The last thing I expected after the epic Ugo beat down at the end of episode 10 was to see episode 11 of Magi segued into a better explanation about the pitfalls of the preferred fiscal policies of the current administration then I’ve heard from the increasingly inept looking Boehner and the Republican party.
It was almost eerie how close the explanation of how Balbadd in Magi has fallen on bad times matches what’s going on right now in the United States. It started with an economic depression which the ruling party decided was best remedied with large infusions of paper money. In Magi this money was loaned to them by the Kou Empire and in real life our government just printed it and foreign countries like China bought the underlying bonds that backed this money (so slightly different at the start but eventually it’s almost exactly the same thing because the countries holding US debt can start influencing US policies because they, in effect, own a share of the country).
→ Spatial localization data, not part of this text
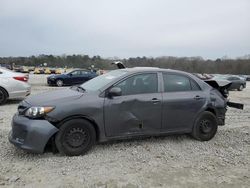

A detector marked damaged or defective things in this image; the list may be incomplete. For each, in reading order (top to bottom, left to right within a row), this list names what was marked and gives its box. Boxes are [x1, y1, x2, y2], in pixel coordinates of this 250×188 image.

damaged front bumper [8, 114, 58, 153]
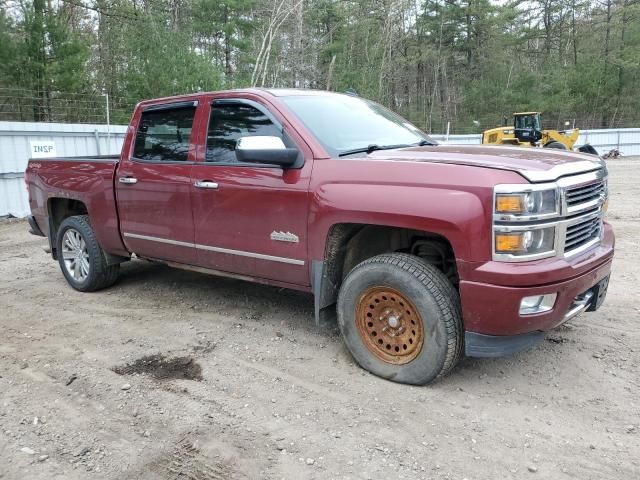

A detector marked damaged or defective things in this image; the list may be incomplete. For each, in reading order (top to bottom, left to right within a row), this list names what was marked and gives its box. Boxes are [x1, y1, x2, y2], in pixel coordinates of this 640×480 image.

rusty wheel [356, 284, 424, 364]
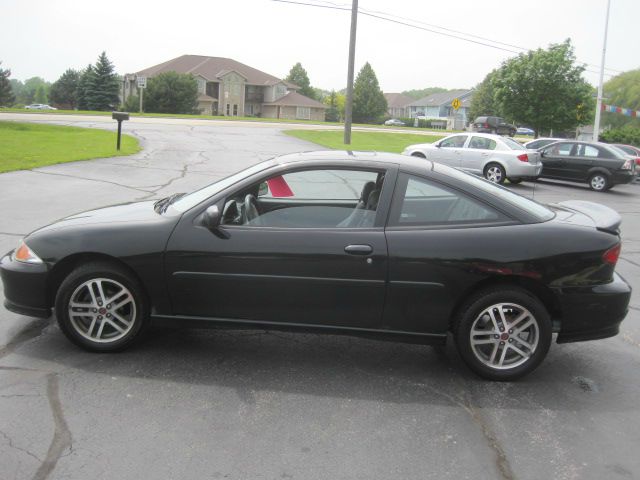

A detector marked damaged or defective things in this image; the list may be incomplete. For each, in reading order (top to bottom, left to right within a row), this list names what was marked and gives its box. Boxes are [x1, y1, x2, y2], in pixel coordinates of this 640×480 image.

cracked pavement [1, 114, 640, 478]
pavement crack [0, 430, 42, 464]
pavement crack [32, 376, 72, 480]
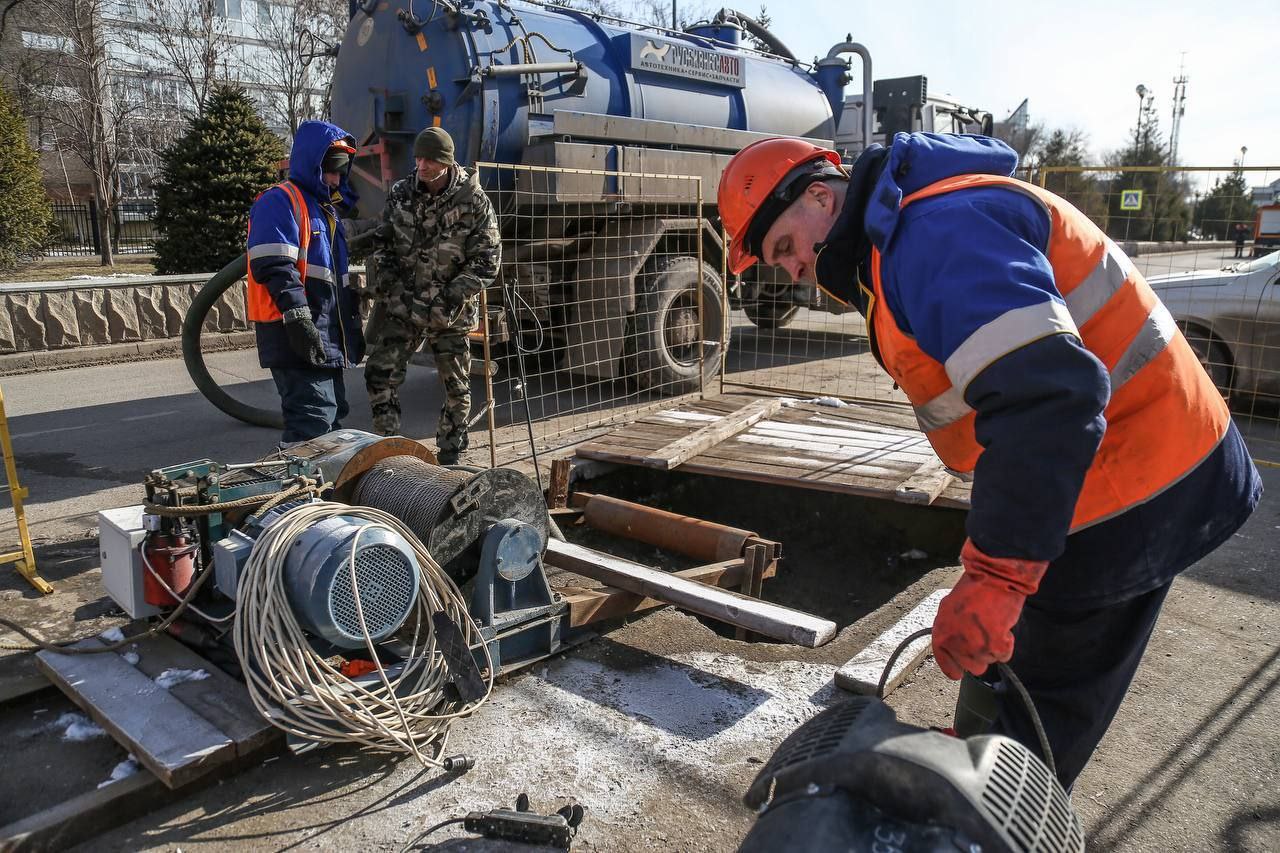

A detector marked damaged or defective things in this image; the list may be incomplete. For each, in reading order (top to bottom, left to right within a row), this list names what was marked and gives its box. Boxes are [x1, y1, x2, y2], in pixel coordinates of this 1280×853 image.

rusty metal pipe [581, 491, 757, 563]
Everyone applauds this injection of money but it gets thrown around with little thought of really accomplishing it’s supposed goal of helping turn around the economy.
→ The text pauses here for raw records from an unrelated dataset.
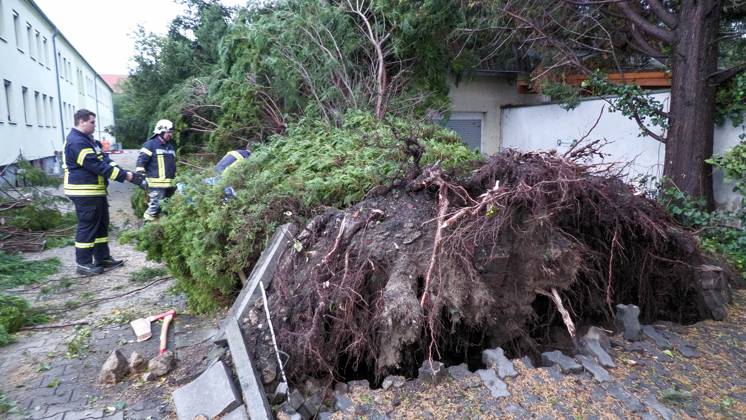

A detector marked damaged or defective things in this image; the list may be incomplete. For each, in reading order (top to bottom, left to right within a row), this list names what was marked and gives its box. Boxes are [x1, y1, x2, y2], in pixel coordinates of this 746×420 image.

broken concrete block [616, 304, 640, 340]
broken concrete block [98, 348, 129, 384]
broken concrete block [128, 350, 145, 372]
broken concrete block [149, 350, 177, 376]
broken concrete block [172, 360, 240, 420]
broken concrete block [416, 360, 444, 386]
broken concrete block [474, 370, 508, 398]
broken concrete block [480, 346, 516, 378]
broken concrete block [536, 352, 584, 374]
broken concrete block [576, 354, 612, 384]
broken concrete block [580, 328, 612, 368]
broken concrete block [640, 324, 668, 352]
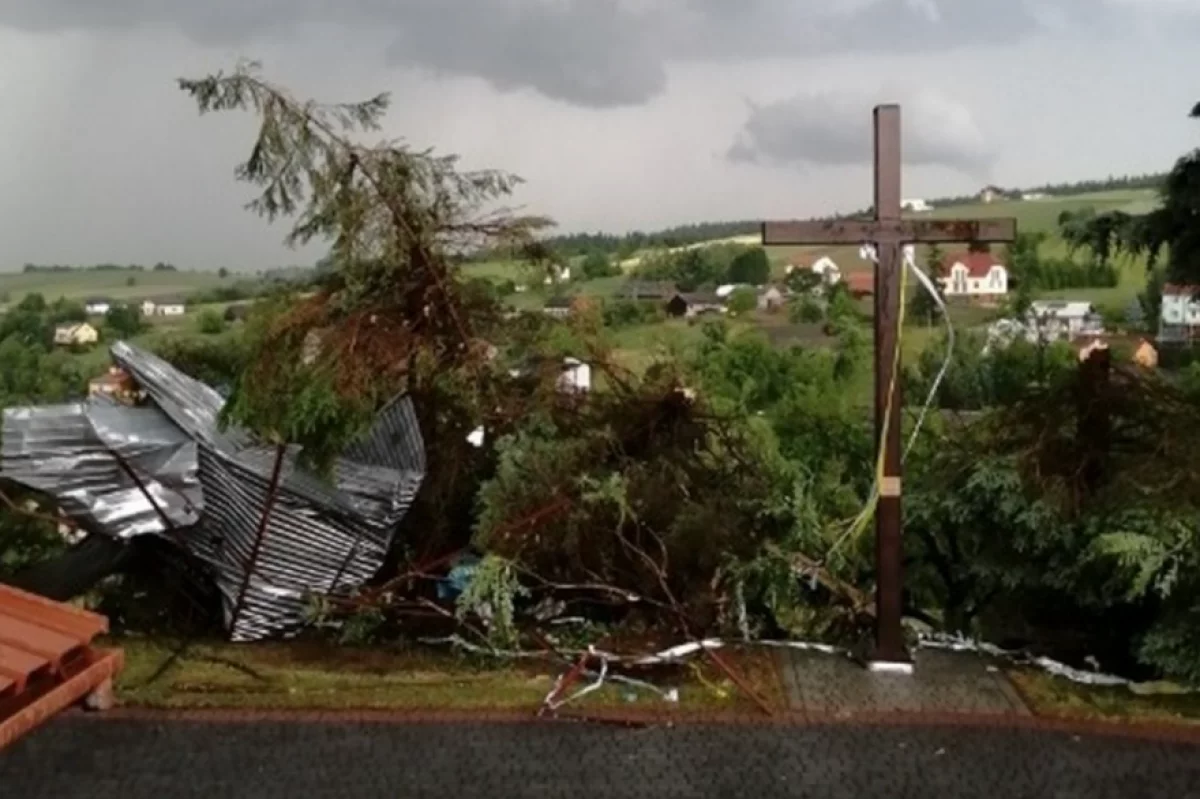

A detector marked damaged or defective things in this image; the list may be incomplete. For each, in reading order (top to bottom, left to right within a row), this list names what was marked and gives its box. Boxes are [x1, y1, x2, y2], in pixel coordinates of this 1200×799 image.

crumpled metal roof sheet [0, 338, 424, 638]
The money runs out, the economy is still no better off and both Balbadd and the United States need more money. Balbadd borrows more money from the Kou Empire and the United States prints more money after getting China and others to buy more of their bonds. The cycle repeats and the economies of both Balbadd and the United States are still no better off and all this manipulating of the money supply has the side-effect of increased inflation. In Magi the general mentions how things that one day cost a single Fan note would cost two the next day. Here, the bean counters try to hide how much inflation has occurred but shopping at the same store for several years and comparing the experience is all that’s needed; a box of mac’n’cheese that cost $0.29 in 2008 now either costs $0.55 or it’s gotten reformulated with cheaper ingredients and only costs $0.45 (with an inferior taste) or a frozen chicken pot pie that cost $0.33 in 2008 now costs $0.79, to name just a couple of examples.
Another side-effect is that the poor in both Balbadd and the United States are worse off since the institution of this fiscal policy. Though, in Balbadd the poor rightly blame the ruling party for the problems but in the United States the ruling party convinced the poor that it’s not them but the other guys (who have no power in the government) who are making them worse off. I was even struck when, in Magi, the general said that they were borrowing money to try to pay off their debt because that so mirrors what’s going on in the United States.
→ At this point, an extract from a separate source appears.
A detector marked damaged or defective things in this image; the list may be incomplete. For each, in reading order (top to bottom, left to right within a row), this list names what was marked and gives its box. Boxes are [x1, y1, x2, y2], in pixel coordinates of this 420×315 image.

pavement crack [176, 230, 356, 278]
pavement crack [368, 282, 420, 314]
Now, it’s not exactly the same between the two; Balbadd is further along in their slide and worse off and has a ruler set to sell the citizens of the country into slavery but that doesn’t change the underlying parallel circumstances.
How Balbadd gets back on it’s toes remands to be seen and will probably include at least a little hand-waving because even if they change rulers Balbadd still owes the Kou Empire a bunch of money. One part of the solution that seems heavily hinted at is the need to stop using the paper money of the Kou Empire and to go back to a money backed by gold. Which is where Ron Paul comes in because he believes the United States needs to do something similar. I’ve always found him a bit out-there but looking at the “negotiations” between both parties about this “fiscal cliff” and the inability of both sides to even attempt to rein in the monster debt-creating-habits of the government and thinking about episode 11 of Magi – I think maybe he’s onto something.